El segundo de los peligros que describe Muggah es el de la contienda bélica y sus efectos sobre la producción de alimentos, el comercio de materias primas y los flujos de bienes y servicios, así como en las transferencias de capital e inversiones. Y que ha creado problemas de pago, hasta proclamar la suspensión de sus obligaciones, en Sri Lanka. Pero también en Egipto, Túnez, Perú o Yemen y, en general, entre los mercados emergentes y en desarrollo con especiales niveles de endeudamiento. “La guerra está reconfigurando los sistemas y la seguridad energética de todos los países”, con independencia de su mayor o menor autonomía del gas y del petróleo. Firmas que ha abandonado sus joint ventures en Rusia, mientras los aliados BRICS de Rusia, además de Turquía, han incrementado sus compras de gas y petróleo ruso pese a las represalias de EEUU y Europa contra el Kremlin. Mientras la propia UE sigue siendo el principal socio de Moscú con un contrato conjunto de 3,5 millones de barriles diarios de crudo y de productos de refino. 

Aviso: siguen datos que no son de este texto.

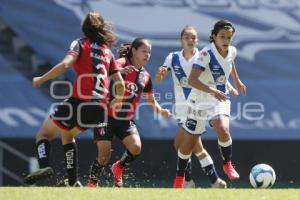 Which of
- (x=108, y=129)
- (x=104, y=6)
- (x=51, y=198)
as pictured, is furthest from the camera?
(x=104, y=6)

Todo ello, finalmente, ha desordenado la transición verde, explica Muggah, para quien cualquier precio por encima de los 150 dólares supone un serio correctivo a las hojas de ruta europeas y estadounidense, llamadas a marcar el paso de la transición energética que debe conducir a unas emisiones netas cero de CO2 a la atmósfera en el ecuador del siglo. Si bien, al mismo tiempo, se puede concebir esta necesaria reducción de la dependencia energética fósil y rusa de Europa en un sentido positivo de aceleración de las metas medioambientales. En cualquier caso -enfatiza- el salto hacia las renovables entre las potencias de rentas altas “podría ser impredecible si las elevadas cotizaciones de los carburantes fósiles, del gas y del petróleo, logran desestabilizar los mercados”. Escenario que es más que factible que suceda si no se minimizan los riesgos de unos flujos de abastecimientos con demasiados tensores y unos esfuerzos de descarbonización que aún suscitan dudas en no pocas economías, aclara.